Loci were screened on 60 reef manta rays (M. alfredi) sampled from the east coast of Australia. The number of alleles per locus varied from 2 to 13 with observed heterozygosities ranging between 0.300 and 0.917. The development of these 17 additional markers increases the total number of microsatellite markers available for this species to 27.
The reef manta ray (Mobula alfredi) occurs in tropical and subtropical waters of the Indian and Pacific oceans . The species forms aggregations in coastal waters throughout its range, which provides for targeted ecotourism in many coastal regions . However, these aggregations may suffer depletion from competing by-catch and targeted fisheries, particularly for their highly-valued body parts that are used in ‘traditional medicines’ [3,4,5,6]. Like many large shark and ray species, M. alfredi is long-lived with conservative life history parameters (i.e. slow growth, late maturity, low fecundity) that make populations highly-susceptible to over-exploitation . As such, the global conservation concerns for this species have resulted in its classification as ‘Vulnerable to Extinction’ on the IUCN Red List , and has led to listing in Appendix II of the Convention on the International Trade in Endangered Species and Appendices I and II of the Convention on Migratory Species. Future research priorities identified for reef manta rays include investigation of population structure (regional and global) and connectivity, based on genetic analyses .
To date, the limited genetic work conducted on DNA from reef manta rays has been primarily in the context of broader phylogenetic studies [10, 11]. One recent phylogenetic study resulted in the collapse of the genus Manta into Mobula, and a reassignment of the position of M. alfredi within this genus . An earlier study used nuclear DNA obtained from M. alfredi sampled in Japanese waters to develop ten species specific microsatellite markers . However, preliminary studies on of M. alfredi from the east coast of Australia found that only eight of the previously developed markers were polymorphic, with the remaining markers either non-polymorphic or non-amplifiable. Collection of adequate sample sizes to overcome the limitation of few markers is often difficult, expensive and inappropriate for species of conservation concern. Therefore, we address this issue through the development of additional microsatellite markers for M. alfredi that may allow for robust estimation of population sizes without the need to sample large numbers of animals, and will facilitate future investigations into fine-scale structure (e.g. relatedness).
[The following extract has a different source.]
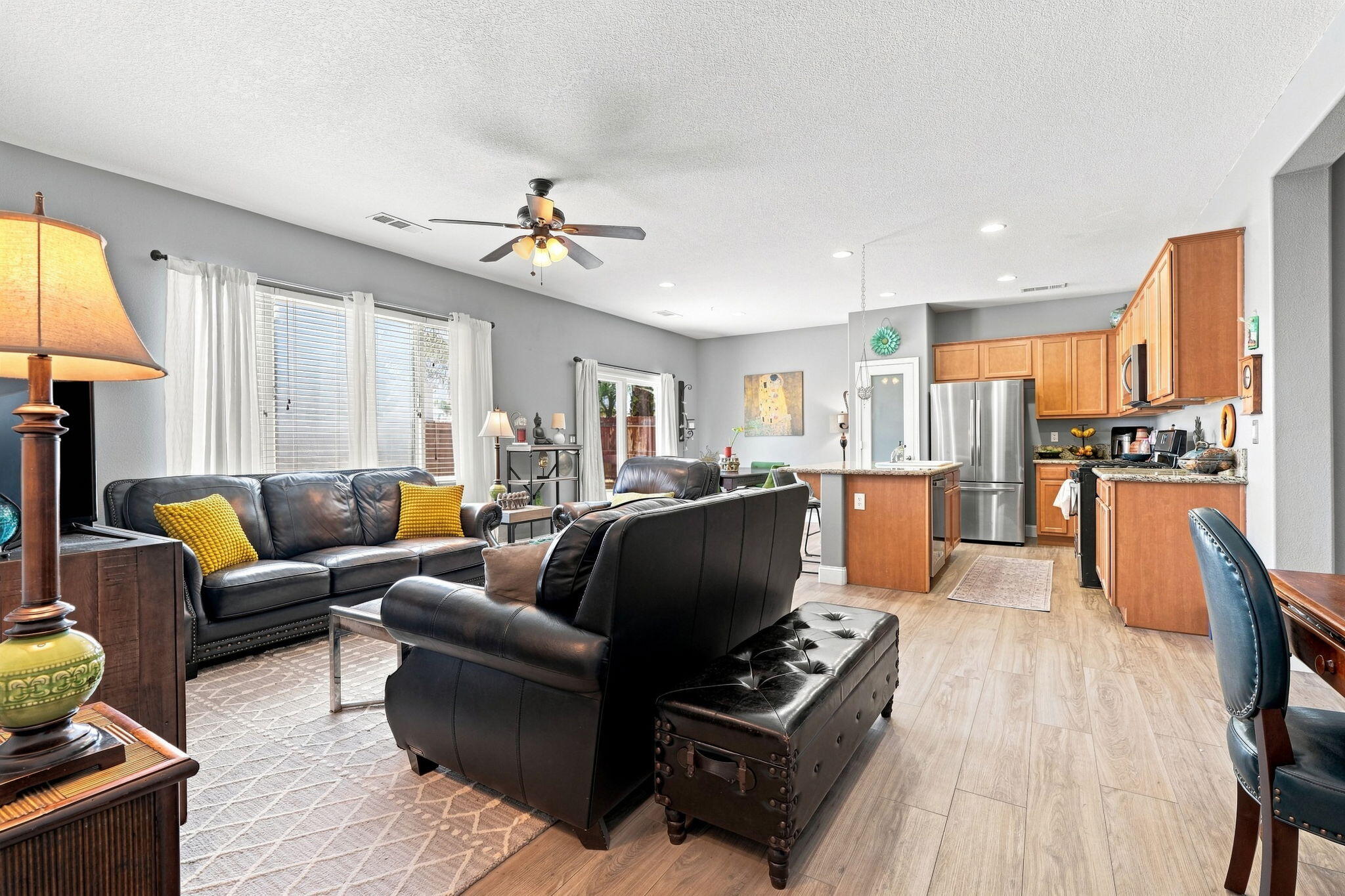 3911 W Buena Vista Ave, Visalia, CA 93291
For studies focused on non-model species of conservation concern, microsatellite markers can be amplified from relatively small quantities of DNA and provide a relatively low cost per sample for genotyping (especially when working with pre-developed marker sets). While genotype-by-sequencing approaches (i.e. RADseq, DArTseq) are increasingly used for genomic applications to non-model species, the strict requirements surrounding DNA quality, quantity and contamination may limit application to historical, degraded or small amounts of sampled-DNA. Furthermore, microsatellite markers provide the potential for a standardised marker set that can facilitate comparisons of genetically distinct populations across broad temporal and geographical scales. Here we report the development of 17 polymorphic microsatellite markers for M. alfredi, to augment the 10 previously developed, and detail marker performance through the genotyping of 60 individual manta rays from the east coast of Australia. We anticipate that microsatellite markers developed here will inform ongoing regional studies on population connectivity, and may facilitate global population comparisons through the provision of an enlarged and published marker set.
Methods and results
Microsatellite primer sequences were developed de novo from DNA obtained from a Mobula alfredi voucher specimen from Lady Elliot Island Reef, Australia. A genomic library was developed with the TruSeq Nano DNA sample prep kit (Illumina, San Diego, CA) and sequenced using an Illumina HiSeq 2000 platform (San Diego, CA) that supported the acquisition of 2 × 125 base pair (bp) paired-end reads, following the protocols supplied by the manufacturer. Sequences between 150 and 400 bp were explored for microsatellite motifs using the software QDD v.3.1  following the microsatellite discovery protocol described by Vargas-Caro et al. . In brief, perfect microsatellite repeat motifs with > 10 repeating units were identified and loci with product sizes estimated at less than 100 bp were removed. Additional loci where flanking regions contained ‘runs’ (of a single base) or repeated sequence elements were excluded. Selected sequences consisting of repeat motifs and flanking sequences were blasted against NCBI GenBank using default parameters to exclude loci potentially located in coding regions. Primers with homology outside the target flanking region or that may amplify more than one locus were excluded by blasting back against the genomic library using GENEIOUS v 9.1.8 (http://www.geneious.com) . Of the remaining candidate primer pairs, we selected 48 to take through to development, giving priority to loci with tri or tetra nucleotide repeat motifs. For the 48 candidate microsatellite loci developed, a ‘CAG-tail’ was attached to the 5′ end of the forward primers allowing downstream use of fluorescent PCR product labelling. Loci were combined in multiplexed PCRs to avoid overlapping product sizes. The 5′ end of the reverse primer had a ‘GTTT-tail’ attached to ensure complete adenylation, thereby protecting PCR products from non-template nucleotide addition and facilitating accurate genotyping .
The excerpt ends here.